TODO: Internet Archive Integration Documentation

Priority: Critical Status: Not Started Estimated Effort: 6-8 hours

Problem

The app's core functionality revolves around streaming Grateful Dead concerts from the Internet Archive, but there is no documentation explaining: - Which Internet Archive collections are used - How the data is discovered and fetched - The data normalization process mentioned in the app description - Metadata structure and how it's parsed - Audio streaming implementation - How the app handles Internet Archive's specific quirks

This makes it difficult to: - Understand what data is available - Debug issues with specific recordings - Add support for additional collections - Handle changes in Internet Archive's data structure - Explain to users why certain shows appear or don't appear

What Needs Documentation

1. Internet Archive Collections

Document which specific collections are used: - GratefulDead collection? - etree (Live Music Archive)? - Other related collections?
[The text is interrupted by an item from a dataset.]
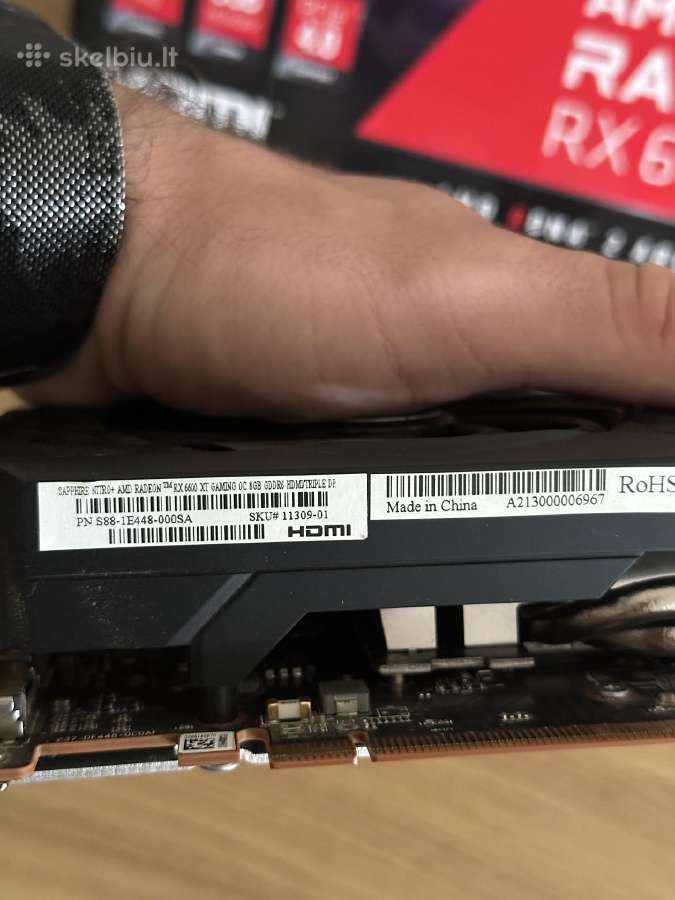 Sapphire Nitro+ Rx 6600 XT 8gb - nuotraukos Nr. 4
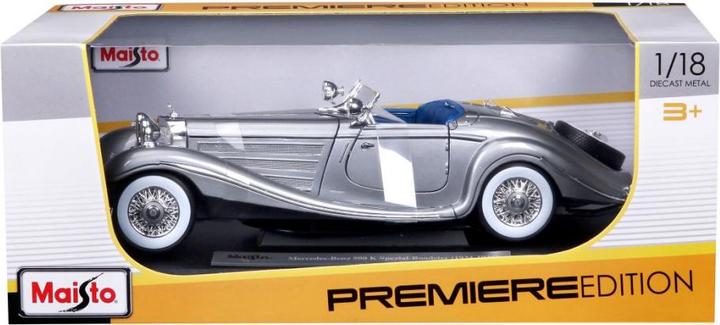 Image du produit Maisto Mercedes Benz 500K Specialroadster 1936 gris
For each collection, document: - Collection identifier - Number of recordings - Audio quality standards - Metadata quality - Update frequency - Access restrictions (if any)

Example:

Collection: GratefulDead
Identifier: GratefulDead
URL: https://archive.org/details/GratefulDead
Contains: ~13,000 recordings
Formats: FLAC, MP3, OGG
SoundBoard: Yes/No
Audience: Yes/No

2. Metadata Structure

The Internet Archive has complex metadata. Document:

Core Metadata Fields

identifier: Unique show ID
title: Show title
date: Performance date (format?)
venue: Venue name
coverage: Location (city, state)
creator: Band members
year: Year of performance
collection: Parent collection
subject: Tags and keywords
description: Show notes

Audio File Metadata

format: File formats available
track: Track number and title
length: Duration
size: File size
bitrate: Audio quality

How to Access

Document the API calls to retrieve metadata:

GET https://archive.org/metadata/{identifier}
Response: Full metadata JSON

Show examples of actual responses and how they're parsed.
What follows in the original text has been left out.